Celina Mikolajczak, a battery-production expert who has run factory lines for Tesla and its battery partner Panasonic Holdings Corp., called EV battery factories “a huge blue-collar economic engine that most people don’t think about.”

She took the example of Panasonic’s gigafactory in Nevada, which it runs with Tesla. By comparing its 35 gigawatt-hours of output against the facility’s 4,000 employees, she concludes that battery production employs more than 100 people per gigawatt.

At an output of 400 gigawatts — what she described as a conservative estimate of a highly electrified future — “that’s tens of thousands of people we need,” she said.

Is it possible to create a real domestic EV supply chain?

The Inflation Reduction Act aimed to create an EV supply chain that is both complete and U.S.-friendly by offering generous tax credits for the production of battery components.

But the EV supply chain is a long and intricate pathway from mines to refiners to cell and pack assemblies and finished vehicles.
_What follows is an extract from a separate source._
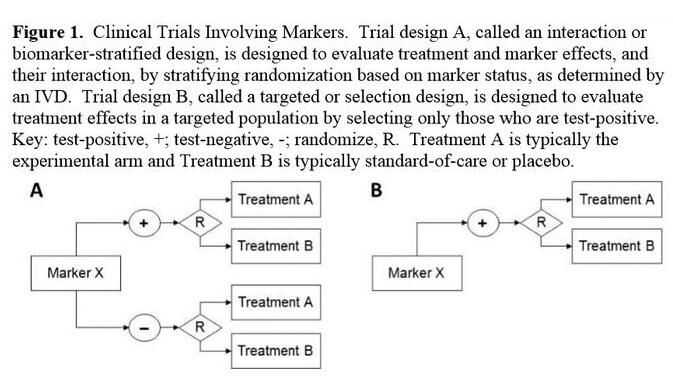 esball(中国区)官方网站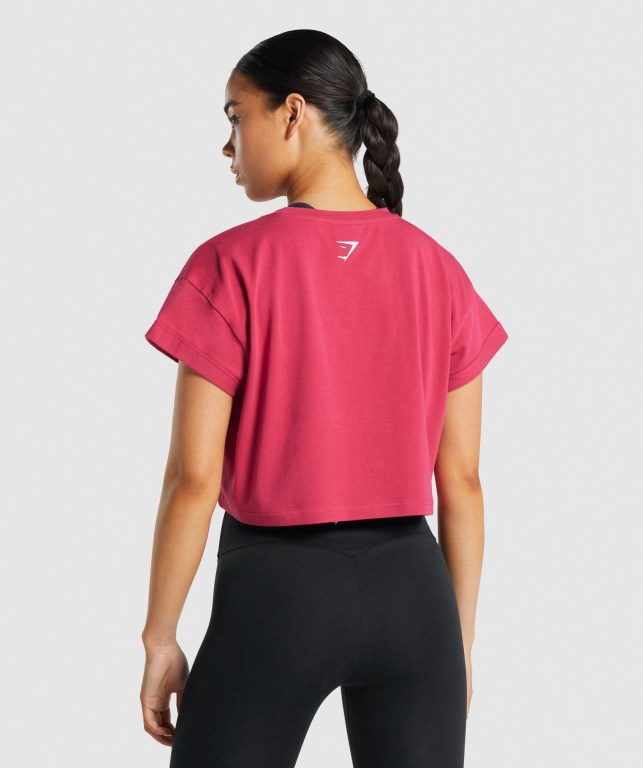 Gymshark Fraction Crop Top Tişört Kadın Pembe | 539-TGMUVH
Each link requires suppliers that can go beyond subsidies to create a competitive business in the marketplace.

“We have unbelievable amounts of investment, but we still have some critical gaps in our supply chains,” said Scott Moskowitz on Monday.

Moskowitz is the head of market strategy and public affairs at Qcells North America, a South Korean company that is building a huge solar factory in Georgia. Solar and EV production faces similar kinds of supply-chain hurdles.

An arm of the Inflation Reduction Act that is meant to goose the domestic supply chain is the $7,500 consumer tax credit for purchase of EVs.

It does so by tying part of the credit to the production and refining of critical battery materials. These minerals must be sourced and processed by a facility in the U.S. or one of its treaty trading partners, at ratios that start at 40 percent this year and step up to 80 percent by 2027.

Some critics, led by Sen. Joe Manchin (D-W.Va.), one of the law’s lead authors, have criticized how the Biden administration has implemented this provision by allowing too many foreign countries to qualify as critical mineral suppliers.

A report Tuesday from S&P Global, an analytics firm, concluded that there will be “considerable challenges” for the U.S. in securing adequate supplies of minerals needed to meet EV and clean technology growth fueled by the climate law.

The analysis found that the law will increase demand for lithium — a key component of EV batteries — 15 percent higher by 2035 than it would be otherwise. Demand will be 13 percent higher for cobalt, 14 percent higher for nickel and 12 percent higher for copper, it said.

“The heating up of energy transition demand points to increasing pressure on supplies in the years to come,” the report said.

Another piece of legislation, the bipartisan infrastructure law, passed Congress in 2021 and set out to target particular gaps in the EV supply chain.

For example, last fall the Department of Energy awarded $2.8 billion to 20 companies focused on creating critical minerals and battery recycling. More such grants are expected as part of that program, which the infrastructure bill funded with $7 billion.